── Given material ──

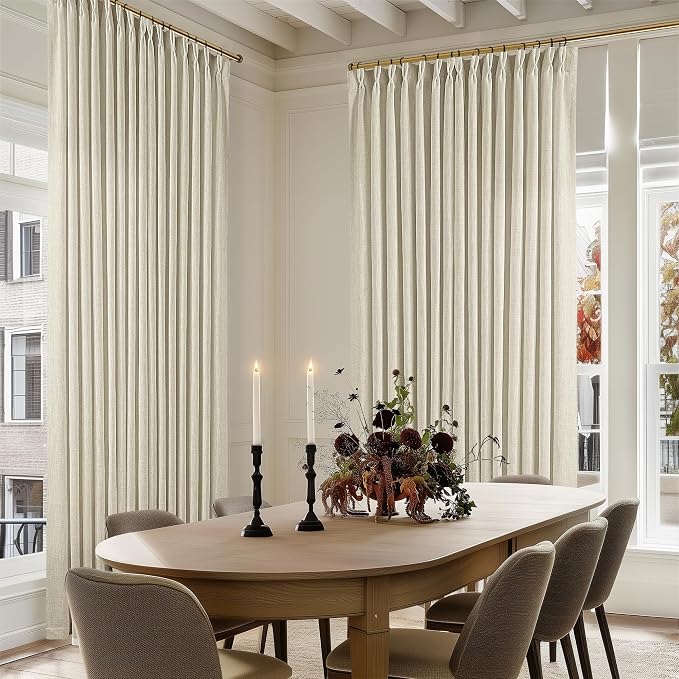 Extra Wide Pinch Pleat 100 x 108 Inch Linen Curtains for Living Room Neutral Beige Light Filtering Semi Sheer Pleated Curtains for Patio Glass Sliding Door Dining Bedroom Large Window 100x108 1 Panel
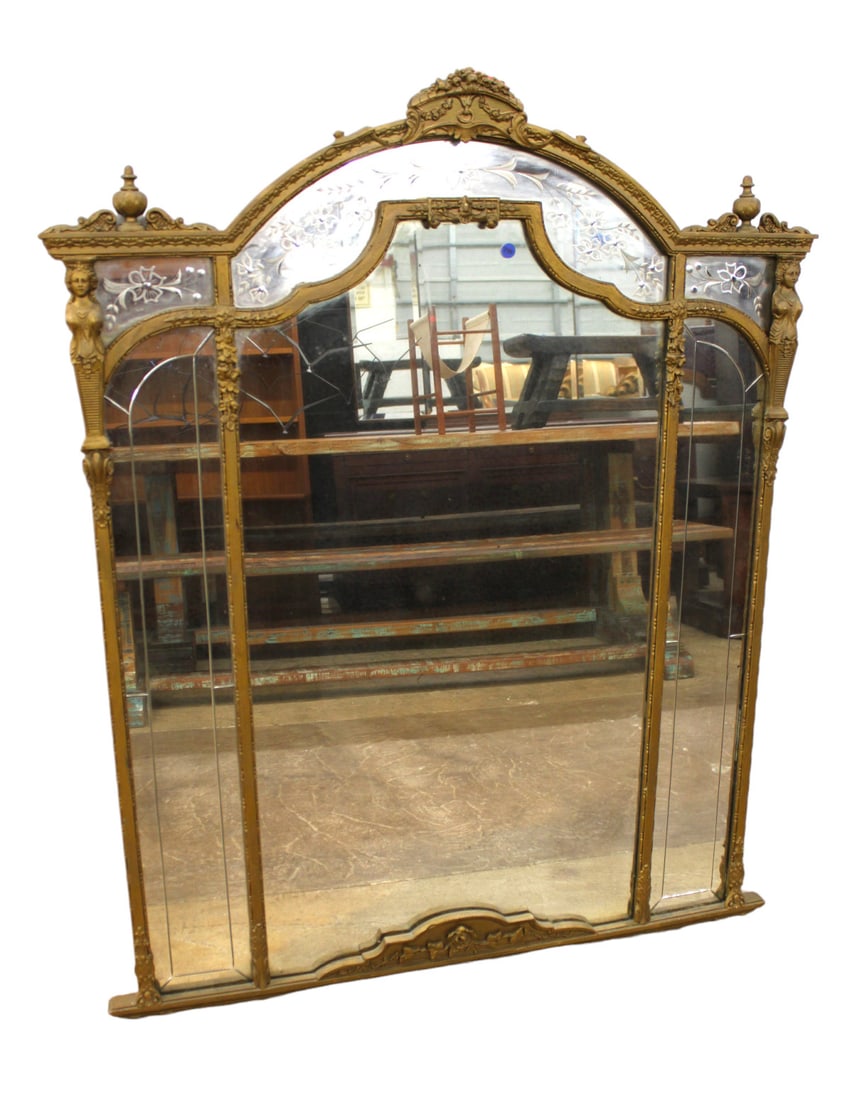 Antique ornate etched mirror with gesso (1 of 5)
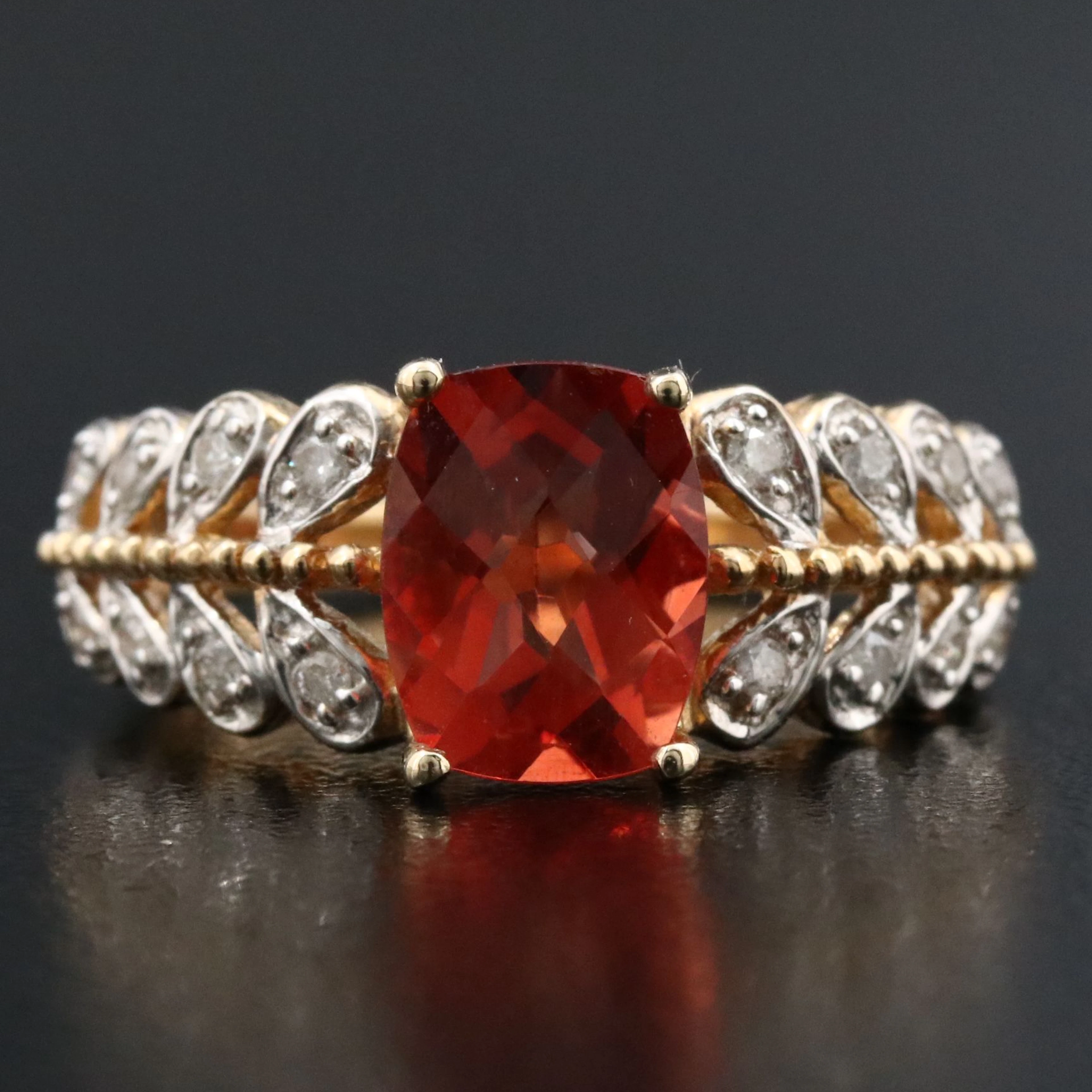 14K Sunstone and Diamond Ring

───

# Work to complete
All of the data above is to be repeated exactly, with the pictures left out.

# Final answer
 Extra Wide Pinch Pleat 100 x 108 Inch Linen Curtains for Living Room Neutral Beige Light Filtering Semi Sheer Pleated Curtains for Patio Glass Sliding Door Dining Bedroom Large Window 100x108 1 Panel
 Antique ornate etched mirror with gesso (1 of 5)
 14K Sunstone and Diamond Ring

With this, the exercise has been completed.